Fujiwara no Saneyori (藤原 実頼), also known as Onomiya-dono, was a Japanese statesman, courtier and politician during the Heian period.

==Career==
He was a minister during the reigns of Emperor Reizei and Emperor En'yū.
- 2 May 944 (Tengyō 7, 7th day of the 4th month): Saneyori was elevated to the position of udaijin in the Imperial court hierarchy.
- 19 May 947 (Tenryaku 1, 26th day of the 4th month): Saneyori is promoted to the positions of sadaijin and grand general of the left.
- 949 (Tenryaku 3, 1st month): Saneyori and his brother Morosuke shared the duties of daijō-daijin during a period of Fujiwara no Tadahira's ill-health.
- 958 (Tentoku 2, 3rd month): Saneyori was granted special permission to travel in a wheeled vehicle.
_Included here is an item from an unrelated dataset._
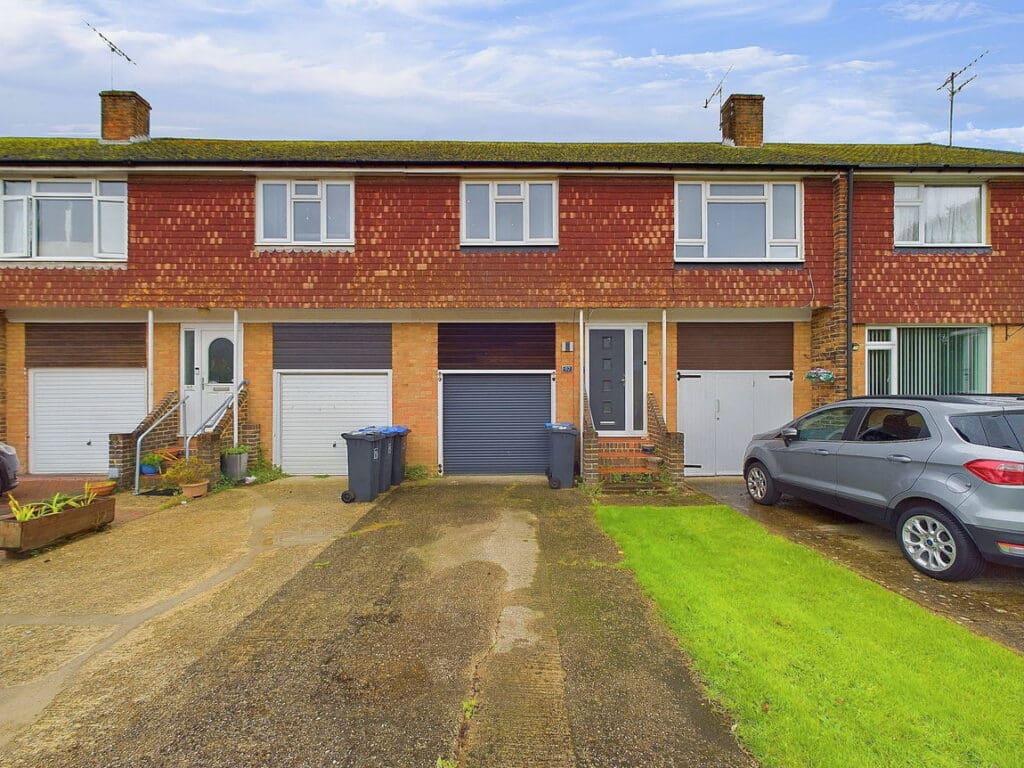 Roedean Road, Salvington, Worthing BN13 2BU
- 26 March 963 (Ōwa 3, 28th day of the 2nd month): Saneyori presided at the coming of age ceremonies for Norihira-shinnō (憲平親王) who would later become Emperor Reizei.
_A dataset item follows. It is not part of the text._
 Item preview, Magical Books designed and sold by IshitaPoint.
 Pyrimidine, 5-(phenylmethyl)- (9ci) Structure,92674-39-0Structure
- 31 July 967 (Kōhō 4, 22nd day of the 6th month): Saneyori began serving as kampaku when Emperor Reizei assumed the throne in 967.
- 27 September 969 (Anna 2, 13th day of the 8th month): Saneyori was appointed sesshō (regent).
- 24 June 970 (Tenroku 1, 18th day of the 5th month): Saneyori died at age 70; and he was posthumously elevated to the first class in rank.

After his death, Saneyori's nephew Koretada assumed his duties when he was named sesshō after his death.

==Genealogy==
This member of the Fujiwara clan was the son of Fujiwara no Tadahira. Saneyori was the eldest son. He had two brothers: Morosuke and Morotada.